Of the entries below, restate word for word only the section that runs from the line with "Used 2015 Ford" to the line with "Villa Wooden Stone Eco", counting both ends.

## DATA
----------

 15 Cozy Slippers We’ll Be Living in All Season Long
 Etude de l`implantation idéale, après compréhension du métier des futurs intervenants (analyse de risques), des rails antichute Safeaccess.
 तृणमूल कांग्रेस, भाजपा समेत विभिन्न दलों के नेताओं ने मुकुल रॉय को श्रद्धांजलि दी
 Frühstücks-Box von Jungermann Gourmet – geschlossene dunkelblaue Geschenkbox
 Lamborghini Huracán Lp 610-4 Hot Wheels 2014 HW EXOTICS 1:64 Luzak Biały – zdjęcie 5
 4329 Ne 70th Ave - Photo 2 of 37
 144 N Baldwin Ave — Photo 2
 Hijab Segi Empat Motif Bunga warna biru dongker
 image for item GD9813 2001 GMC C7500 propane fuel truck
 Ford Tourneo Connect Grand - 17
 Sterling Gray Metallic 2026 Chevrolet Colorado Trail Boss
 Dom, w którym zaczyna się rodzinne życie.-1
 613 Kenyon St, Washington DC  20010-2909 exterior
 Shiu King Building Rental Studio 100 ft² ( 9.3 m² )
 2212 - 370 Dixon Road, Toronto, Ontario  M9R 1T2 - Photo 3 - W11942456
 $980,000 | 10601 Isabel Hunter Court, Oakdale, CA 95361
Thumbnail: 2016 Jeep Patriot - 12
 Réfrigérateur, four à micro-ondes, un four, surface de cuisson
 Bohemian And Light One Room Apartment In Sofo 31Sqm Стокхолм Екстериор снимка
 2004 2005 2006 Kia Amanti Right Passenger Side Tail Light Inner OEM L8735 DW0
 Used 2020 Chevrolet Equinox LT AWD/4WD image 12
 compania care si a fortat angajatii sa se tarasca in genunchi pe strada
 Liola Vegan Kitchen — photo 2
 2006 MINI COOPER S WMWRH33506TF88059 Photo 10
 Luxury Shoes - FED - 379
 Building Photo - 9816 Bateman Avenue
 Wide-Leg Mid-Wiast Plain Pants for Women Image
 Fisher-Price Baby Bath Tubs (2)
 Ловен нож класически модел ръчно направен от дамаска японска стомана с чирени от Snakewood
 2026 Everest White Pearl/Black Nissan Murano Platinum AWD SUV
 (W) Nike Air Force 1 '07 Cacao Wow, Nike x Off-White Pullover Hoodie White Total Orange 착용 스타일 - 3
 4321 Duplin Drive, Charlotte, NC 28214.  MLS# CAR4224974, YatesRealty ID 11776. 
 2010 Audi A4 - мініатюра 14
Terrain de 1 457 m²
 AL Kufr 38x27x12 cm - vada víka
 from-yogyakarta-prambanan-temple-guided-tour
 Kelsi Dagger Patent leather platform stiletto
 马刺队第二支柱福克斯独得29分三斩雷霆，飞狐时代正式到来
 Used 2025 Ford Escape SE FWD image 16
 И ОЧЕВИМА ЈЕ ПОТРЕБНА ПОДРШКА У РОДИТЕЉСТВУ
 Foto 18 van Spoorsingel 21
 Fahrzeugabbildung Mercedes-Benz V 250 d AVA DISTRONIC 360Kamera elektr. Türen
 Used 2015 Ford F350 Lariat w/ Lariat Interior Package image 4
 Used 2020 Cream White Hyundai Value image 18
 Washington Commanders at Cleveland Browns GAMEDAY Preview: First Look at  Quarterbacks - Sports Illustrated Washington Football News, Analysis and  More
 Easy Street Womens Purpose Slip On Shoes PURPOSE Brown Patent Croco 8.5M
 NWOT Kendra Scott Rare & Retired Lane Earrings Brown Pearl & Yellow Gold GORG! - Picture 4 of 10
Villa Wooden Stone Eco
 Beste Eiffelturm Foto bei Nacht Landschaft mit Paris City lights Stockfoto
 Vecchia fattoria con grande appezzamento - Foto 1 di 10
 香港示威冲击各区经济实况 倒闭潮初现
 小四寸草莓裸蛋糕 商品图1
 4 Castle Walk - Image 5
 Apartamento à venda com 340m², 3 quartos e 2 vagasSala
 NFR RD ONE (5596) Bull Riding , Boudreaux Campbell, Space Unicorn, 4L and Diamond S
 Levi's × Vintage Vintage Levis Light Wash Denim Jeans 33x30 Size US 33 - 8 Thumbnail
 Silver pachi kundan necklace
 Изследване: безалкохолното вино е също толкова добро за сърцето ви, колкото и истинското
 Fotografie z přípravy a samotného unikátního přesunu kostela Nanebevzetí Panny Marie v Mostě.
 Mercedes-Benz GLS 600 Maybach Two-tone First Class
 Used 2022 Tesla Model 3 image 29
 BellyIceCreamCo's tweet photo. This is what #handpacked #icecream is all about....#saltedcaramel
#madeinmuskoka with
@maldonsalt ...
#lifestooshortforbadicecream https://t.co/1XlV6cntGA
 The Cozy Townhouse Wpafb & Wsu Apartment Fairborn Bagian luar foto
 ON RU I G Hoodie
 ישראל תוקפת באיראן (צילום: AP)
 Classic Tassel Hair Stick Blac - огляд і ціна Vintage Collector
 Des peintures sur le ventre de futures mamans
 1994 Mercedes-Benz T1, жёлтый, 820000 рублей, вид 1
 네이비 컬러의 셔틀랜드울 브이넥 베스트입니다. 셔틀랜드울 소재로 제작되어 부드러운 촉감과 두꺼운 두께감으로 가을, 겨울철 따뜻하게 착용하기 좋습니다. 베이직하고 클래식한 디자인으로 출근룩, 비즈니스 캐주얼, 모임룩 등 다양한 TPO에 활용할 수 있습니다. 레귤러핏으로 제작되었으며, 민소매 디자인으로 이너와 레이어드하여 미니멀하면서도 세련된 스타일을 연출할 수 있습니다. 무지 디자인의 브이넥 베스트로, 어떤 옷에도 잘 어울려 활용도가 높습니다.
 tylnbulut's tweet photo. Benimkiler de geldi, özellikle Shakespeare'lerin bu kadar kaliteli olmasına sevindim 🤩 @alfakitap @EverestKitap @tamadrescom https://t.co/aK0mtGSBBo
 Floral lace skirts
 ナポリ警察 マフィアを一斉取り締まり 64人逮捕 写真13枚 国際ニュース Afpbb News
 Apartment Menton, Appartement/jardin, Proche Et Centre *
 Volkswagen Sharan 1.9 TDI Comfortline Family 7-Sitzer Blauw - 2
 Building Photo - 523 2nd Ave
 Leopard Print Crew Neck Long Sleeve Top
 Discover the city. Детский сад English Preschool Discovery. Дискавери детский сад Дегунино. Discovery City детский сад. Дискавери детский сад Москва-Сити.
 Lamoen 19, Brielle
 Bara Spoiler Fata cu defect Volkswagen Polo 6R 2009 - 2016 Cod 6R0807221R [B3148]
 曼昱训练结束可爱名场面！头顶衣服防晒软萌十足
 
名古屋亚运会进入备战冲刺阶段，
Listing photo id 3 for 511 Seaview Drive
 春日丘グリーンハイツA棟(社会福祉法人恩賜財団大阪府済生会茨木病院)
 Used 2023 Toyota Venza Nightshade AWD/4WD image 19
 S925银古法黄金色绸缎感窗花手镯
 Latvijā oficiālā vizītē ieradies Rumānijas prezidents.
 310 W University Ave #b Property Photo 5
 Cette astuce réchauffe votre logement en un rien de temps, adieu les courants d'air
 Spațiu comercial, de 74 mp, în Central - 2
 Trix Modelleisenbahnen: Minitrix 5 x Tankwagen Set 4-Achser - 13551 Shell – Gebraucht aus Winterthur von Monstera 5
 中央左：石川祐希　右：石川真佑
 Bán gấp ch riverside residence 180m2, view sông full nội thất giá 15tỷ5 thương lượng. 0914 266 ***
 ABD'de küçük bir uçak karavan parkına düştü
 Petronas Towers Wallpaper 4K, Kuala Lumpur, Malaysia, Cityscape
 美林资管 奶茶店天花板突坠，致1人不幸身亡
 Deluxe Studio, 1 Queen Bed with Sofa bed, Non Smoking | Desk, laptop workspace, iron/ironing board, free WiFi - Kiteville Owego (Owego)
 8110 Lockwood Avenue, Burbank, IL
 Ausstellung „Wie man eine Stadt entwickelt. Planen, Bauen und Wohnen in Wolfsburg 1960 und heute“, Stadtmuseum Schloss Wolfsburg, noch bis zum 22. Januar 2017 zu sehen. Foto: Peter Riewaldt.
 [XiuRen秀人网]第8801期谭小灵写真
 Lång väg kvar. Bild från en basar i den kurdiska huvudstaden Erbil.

----------

## FINAL ANSWER
 Used 2015 Ford F350 Lariat w/ Lariat Interior Package image 4
 Used 2020 Cream White Hyundai Value image 18
 Washington Commanders at Cleveland Browns GAMEDAY Preview: First Look at  Quarterbacks - Sports Illustrated Washington Football News, Analysis and  More
 Easy Street Womens Purpose Slip On Shoes PURPOSE Brown Patent Croco 8.5M
 NWOT Kendra Scott Rare & Retired Lane Earrings Brown Pearl & Yellow Gold GORG! - Picture 4 of 10
Villa Wooden Stone Eco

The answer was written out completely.